[Opening Extracted entries section]

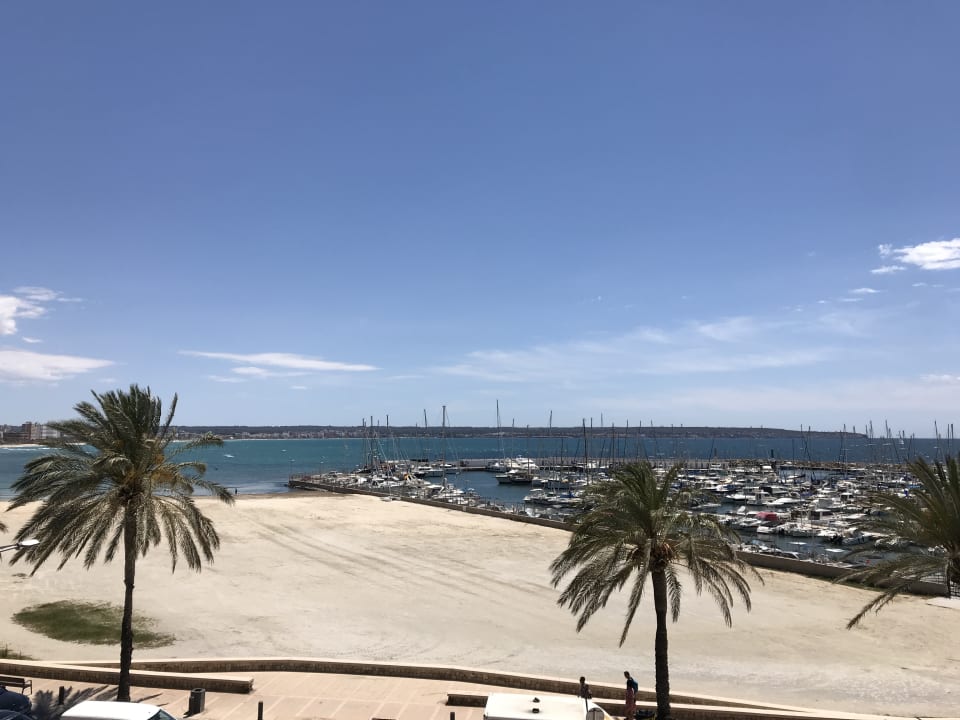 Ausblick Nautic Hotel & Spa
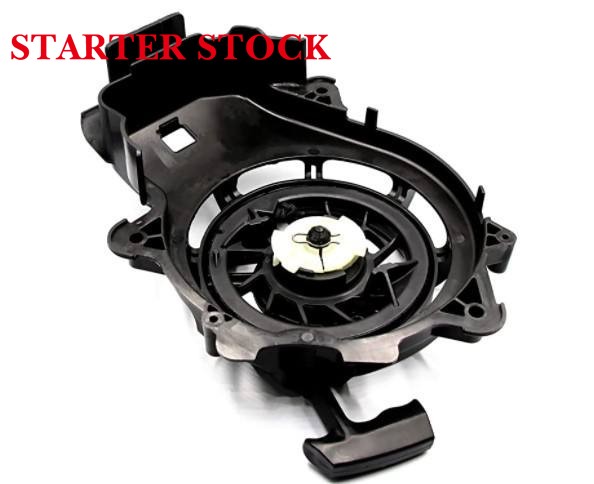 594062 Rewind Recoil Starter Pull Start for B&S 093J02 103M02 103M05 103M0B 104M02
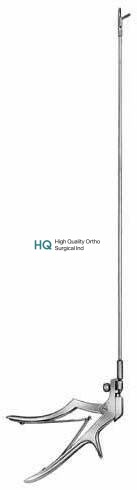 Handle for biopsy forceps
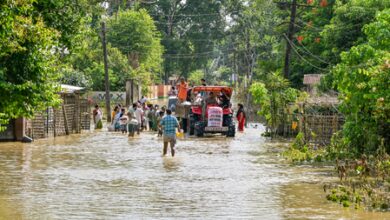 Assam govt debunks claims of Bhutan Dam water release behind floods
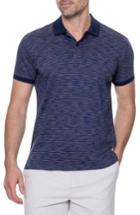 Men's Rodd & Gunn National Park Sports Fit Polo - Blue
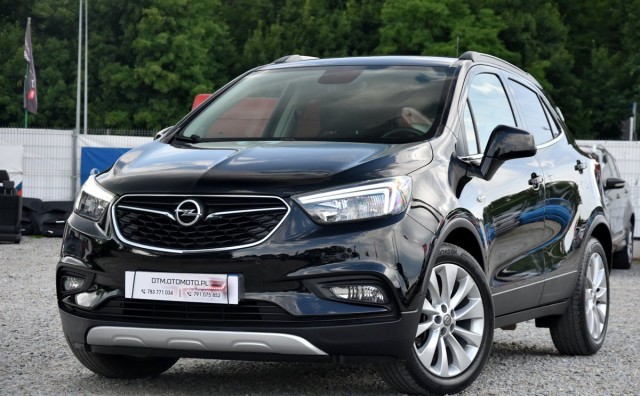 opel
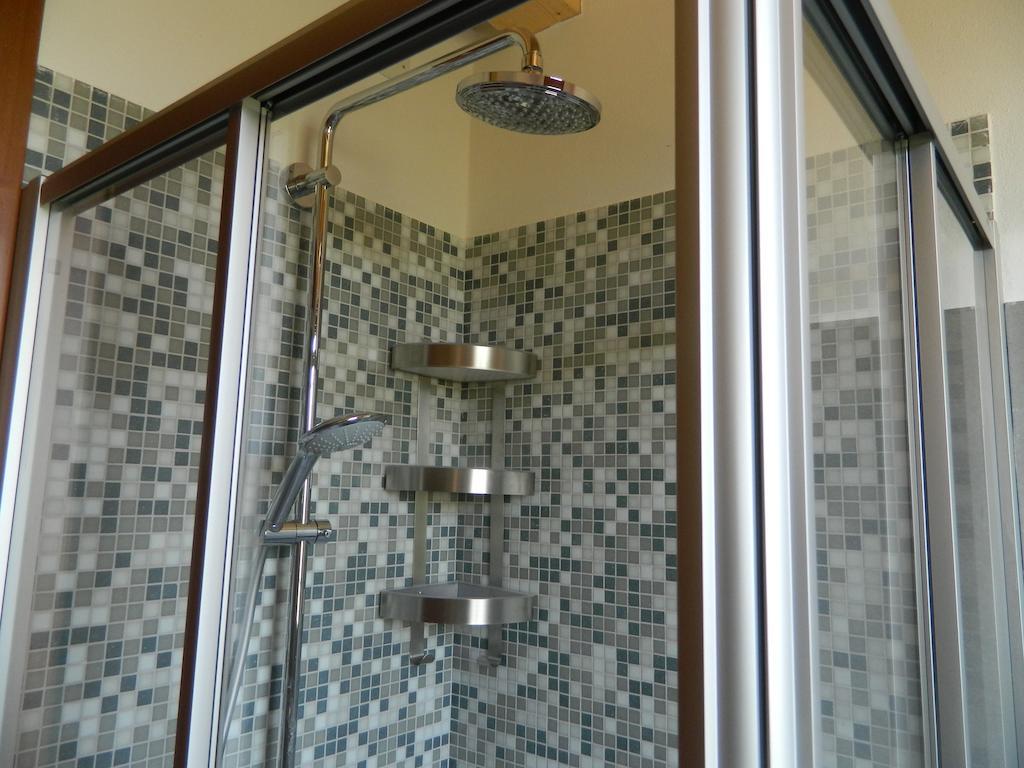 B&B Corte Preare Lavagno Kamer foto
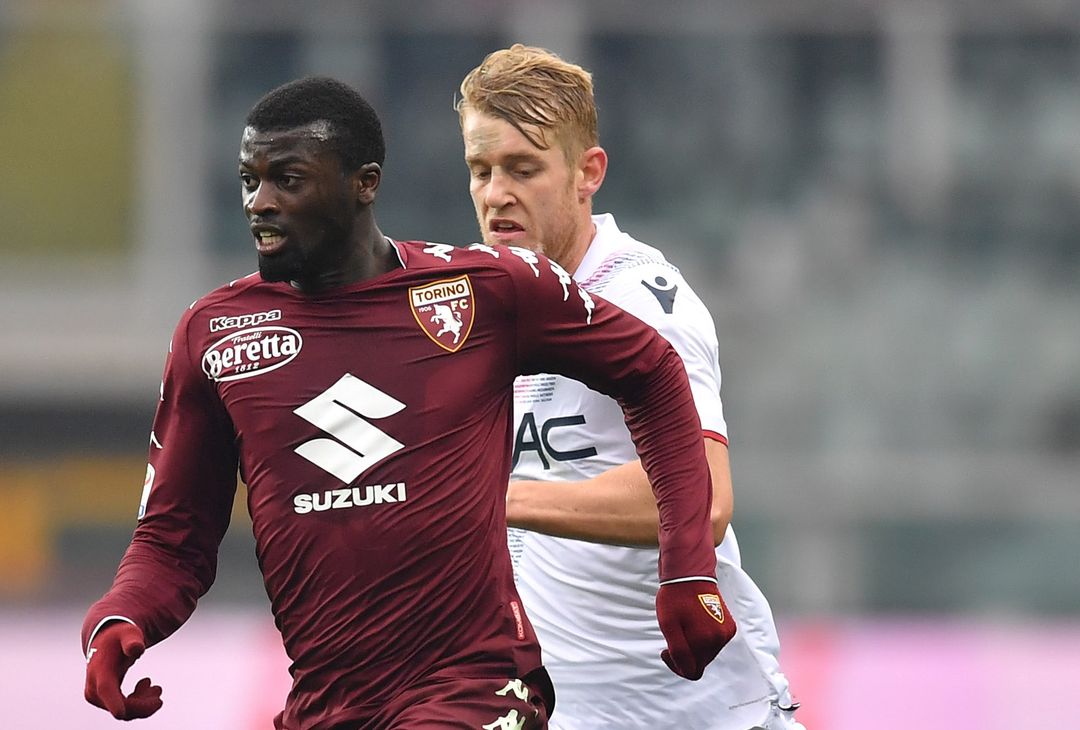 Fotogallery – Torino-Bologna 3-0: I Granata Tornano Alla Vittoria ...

[Closing Extracted entries section]
[Opening Extracted entries section]

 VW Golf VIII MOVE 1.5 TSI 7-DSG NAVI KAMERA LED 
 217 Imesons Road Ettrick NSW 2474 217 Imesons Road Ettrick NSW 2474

[Closing Extracted entries section]

In the listing above, find the line containing "Assam govt debunks" and the line containing "Fotogallery – Torino-Bologna". Print those two lines and every line between them exactly, with no pictures.

* Reply:
 Assam govt debunks claims of Bhutan Dam water release behind floods
 Men's Rodd & Gunn National Park Sports Fit Polo - Blue
 opel
 B&B Corte Preare Lavagno Kamer foto
 Fotogallery – Torino-Bologna 3-0: I Granata Tornano Alla Vittoria ...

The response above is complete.